3. SDK pin harmonization — all six templates now pin relationalai[gnn]==1.4.2 in pyproject.toml and the Tools section of their README. Previously three (demand_forecasting, subscriber_retention, fraud-detection) pinned relationalai==1.0.14, which predates the predictive interface PR and the API surface those templates actually call. Five of six were also missing the [gnn] extra — pyrel's predictive module imports from relationalai_gnns, which is only pulled in by [gnn] — so a clean install would hit ModuleNotFoundError at gnn.fit().

Validation

Cross-checked every predictive API call in the six templates against pyrel main and relationalai_gnns.TrainerConfig:

  • task_type strings used (regression, binary_classification, repeated_link_prediction) are all in the valid set exposed by pyrel's predictive estimator.
  • eval_metric values (rmse, roc_auc, link_prediction_map@12) all resolve, including the @k form.
  • Every GNN(...) constructor kwarg used (has_time_column, device, n_epochs, lr, train_batch_size, head_layers, temporal_strategy, stream_logs, seed, max_iters) exists in the current signature.
  • Template-set hyperparameter values are deliberate per-template overrides; no stale defaults.

The bugs whose framing was removed are still real in pyrel main — kept the workaround patterns, dropped the bug-attribution language. The skill (rai-predictive-training/references/known-limitations.md, in https://github.com/RelationalAI/rai-agent-evals/pull/96) documents the patterns for users who want depth.

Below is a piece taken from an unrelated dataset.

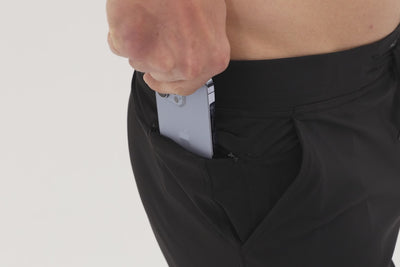 Athlete wearing the REP Fitness Men's Felix Pants 2.0 in Cool Gray, Black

Both review passes (/dev-templates-review over the diff and a final residue grep across all six templates for SDK.*(bug|workaround|fix), signature mismatch, iteration-mutation, stable fix, fix lands, early access, private preview) come back clean.

Test plan

  • Render the six README sections to confirm no orphan headings or broken anchors
  • Spot-run demand_forecasting.py and telco_network_recovery.py end-to-end against a RAI-app-enabled Snowflake account with a fresh relationalai[gnn]==1.4.2 install

Predictive is in preview; templates lead with predictive as the default rather
than framing it as early-access or wrapping the GNN choice in workaround
language.

- Remove early-access / private-preview IMPORTANT callouts from
  demand_forecasting, subscriber_retention, retail_planning, fraud-detection,
  and smoker_status_prediction READMEs.
- Strip "SDK iteration-mutation bug" / "dictionary changed size" framing from
  telco_network_recovery README, runbook, and code comments. Property-equality
  FK-column edges are preserved as a positive design pattern.
- Strip "PyRel 1.0.x DateTime/VString signature mismatch" framing from
  demand_forecasting docstring + inline comments; recast as a deliberate
  design choice (datetime as plain feature, pandas-side temporal split).
- Drop the has_time_column=True troubleshoot blocks from fraud-detection and
  demand_forecasting READMEs, and clean up dangling pointers to them.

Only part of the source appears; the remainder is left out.